- WORK TASK: Would you restate each line of the data below word for word, without its pictures?
*** Opening of DATA EXTRACT ***
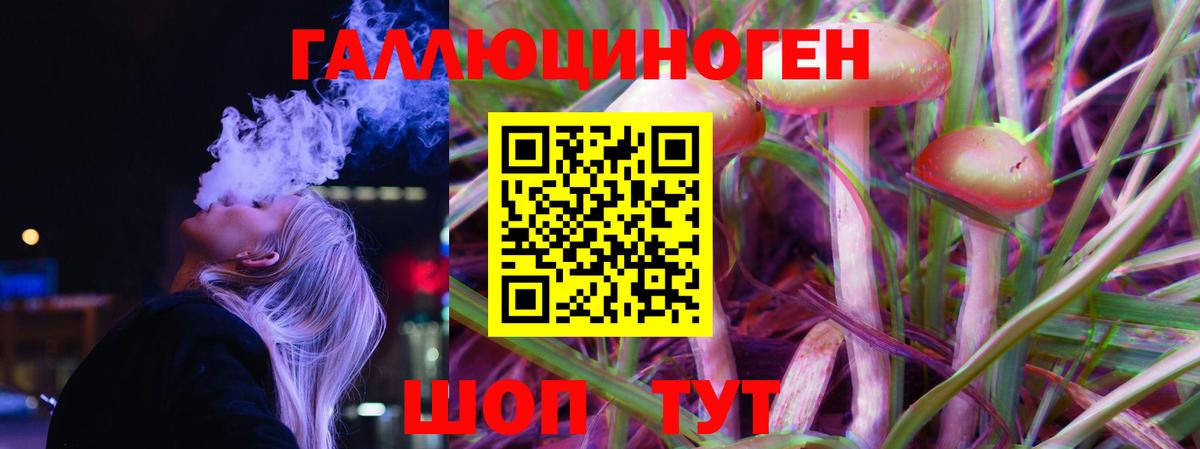 Тольятти  Галлюциногенные грибы MAGIC MUSHROOMS  Вход с VPN 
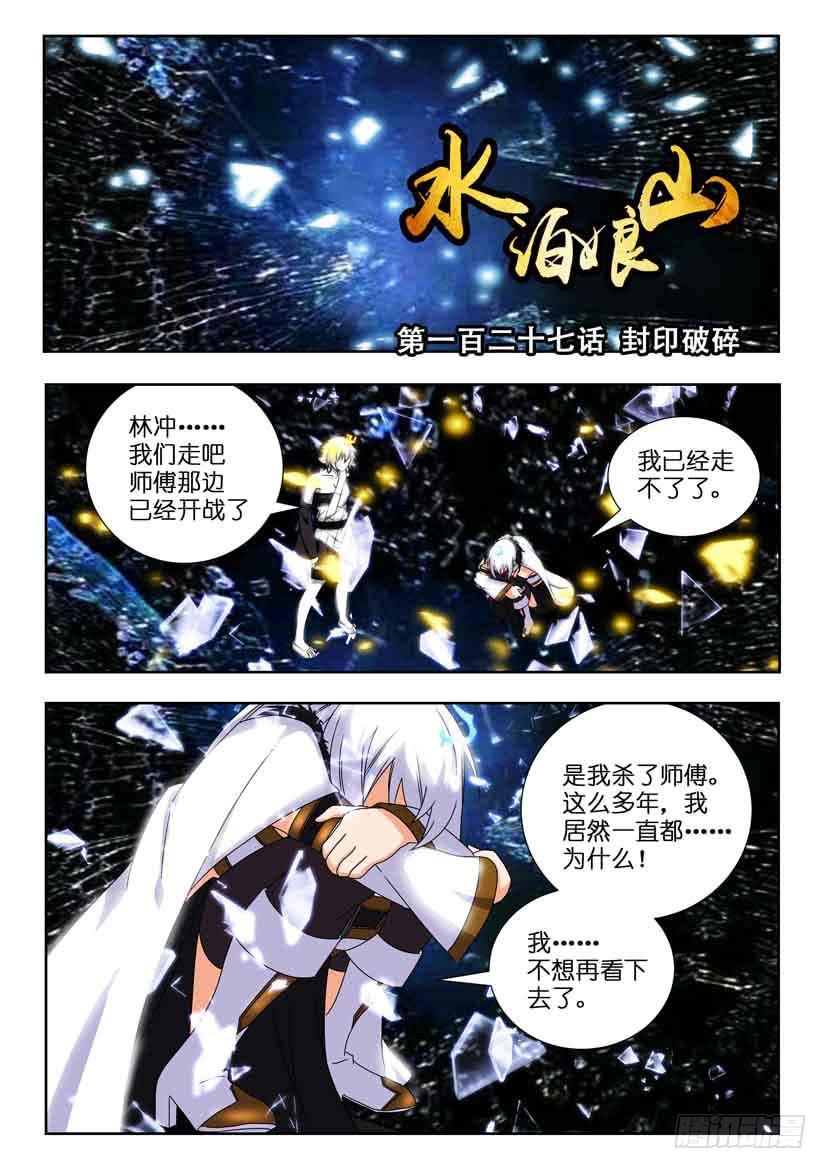 第一百二十八话 封印破碎0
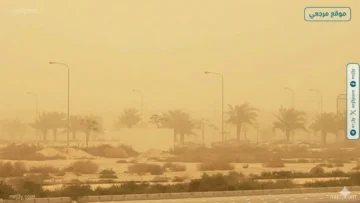 طقس اليوم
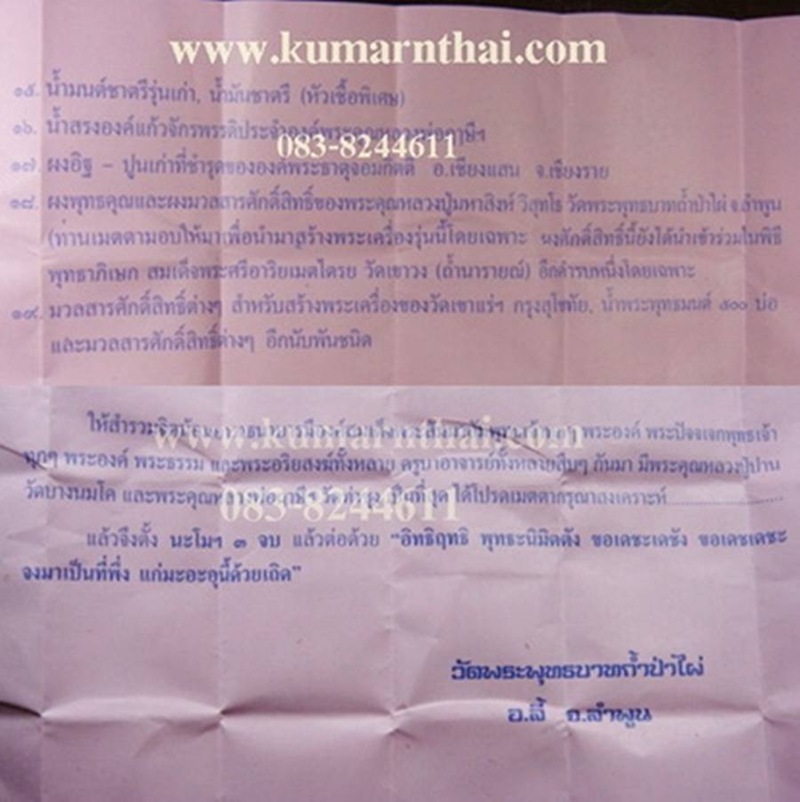 สมเด็จองค์ปฐม บรมมหาจักรพรรดิ์ หลังหลวงพ่อปาน หลวงพ่อฤาษีลิงดำ ++++++++เคาะเดียว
*** Close of DATA EXTRACT ***
- FINISHED TASK:
 Тольятти  Галлюциногенные грибы MAGIC MUSHROOMS  Вход с VPN 
 第一百二十八话 封印破碎0
 طقس اليوم
 สมเด็จองค์ปฐม บรมมหาจักรพรรดิ์ หลังหลวงพ่อปาน หลวงพ่อฤาษีลิงดำ ++++++++เคาะเดียว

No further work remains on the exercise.